Another footnote to the chart states, “All other past public sector agreements ended in the spring of 2014 and have now been renegotiated to end in 2019”. Based on the BC government information linked above, this statement is incorrect. 96 public sector collective agreements (53% of the total number) are identified in this information as “yet to settle” (my own union being one of those currently in negotiations).

The impression from the information in the BCPSEA’s chart is that the BCTF is a rogue outlier, wilfully insisting on contract terms far out of line with what other public sector unions have peacefully settled for. This is similar to the message of the BC government’s recent newspaper advertisement about these negotiations – and, like the information in that advertisement, the BCPSEA’s information also needs some contextualization.

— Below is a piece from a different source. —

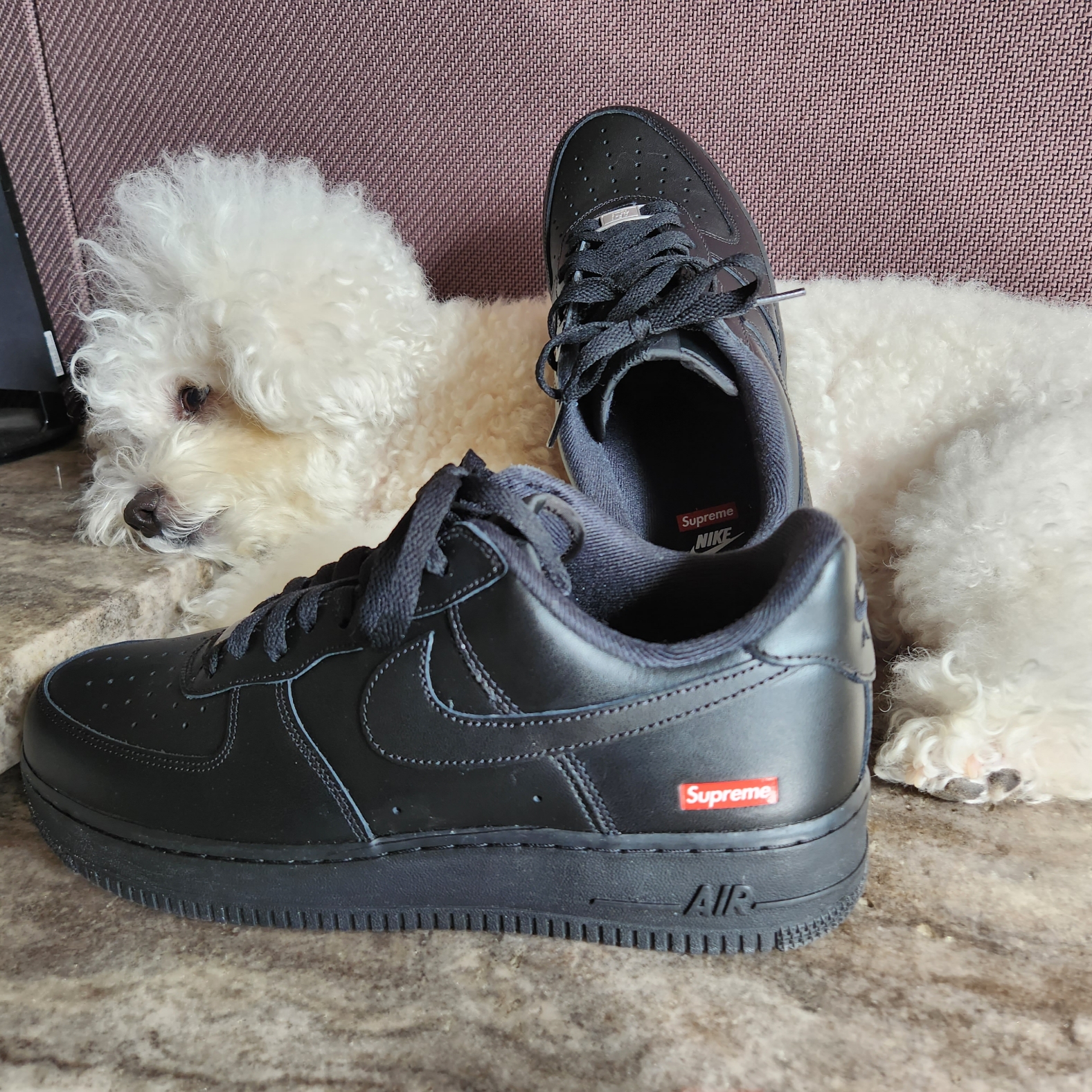 Nike x Supreme Air Force 1 Low Black 착용 스타일 - 2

The provincial government is negotiating these contracts within the framework of what it calls the “Economic Stability Mandate”, which follows the 2010 “Net Zero Mandate” and the 2012 “Cooperative Gains Mandate”. Despite the formal authority implied by the word “mandate”, these frameworks represent policy and budgetary choices. The Economic Stability Mandate does not legally require the government to settle for particular contract terms, or for terms falling within specific numerical boundaries. So the government has the ability to offer contract terms different from those that other public sector unions have already agreed to, if it so chooses. There may be some constraints in this respect because of the “me-too clause” in at least one of the completed public sector collective agreements, which could increase the wage costs associated with those agreements if the government settles for higher wage rates elsewhere. But these restrictions are because of the language in those particular agreements, not because of any legal requirements associated with the “mandate”.

It also needs to be pointed out that a union settling for particular contract terms is not always the same as that union feeling that those terms are reasonable or fair. The largest settlement in the government’s list of completed agreements is the contract between the Health Employers Association of BC and the multi-union Facilities Bargaining Association (FBA), which represents 43,642 workers in 270 health-related occupations. This contract has the same 5.5% wage increases and five-year contract length as other recent public sector settlements; however, the result of the FBA’s contract ratification vote was 64% in favour of ratification. That was a high enough percentage for ratification, which requires a majority of 50% + 1, but it’s certainly not a strong endorsement of the settlement. The FBA’s secretary-treasurer stated that “the vote results should send a clear signal to government that health care workers are impatient with government’s inflexible and tight-fisted attitude at the bargaining table”. So if the BCTF feels that the government’s financial proposals to public sector unions are inadequate, it apparently is not the only union in BC that feels that way.

Finally, the overall presentation of the BCPSEA document does not display much of a cooperative or collaborative attitude toward resolving the BCTF and BCPSEA’s bargaining differences. For example, the BCPSEA has chosen to describe the BCTF’s proposals as “demands” and its own proposals as “offers”, and to use red ink to highlight large dollar amounts in the costing of the BCTF’s proposals. In a bargaining situation where the two parties apparently disagree on many major contract items, and where there is also a long history of animosity and hostility between the parties, the confrontational attitude conveyed by these presentation choices is really unfortunate.

There is a lot of frustration and anger on both sides at this point in this lengthy dispute, which is entirely understandable. However, those attitudes have to be overcome, along with the disagreements over specific items, if the current bargaining impasse is ever going to end. I understand that the BCPSEA intends this background document as an explanation of the reasons for the dispute, as it sees those reasons, and I understand that its explanation is structured to support its reasons. But the information and presentation in the document are not positive contributions toward resolving this dispute.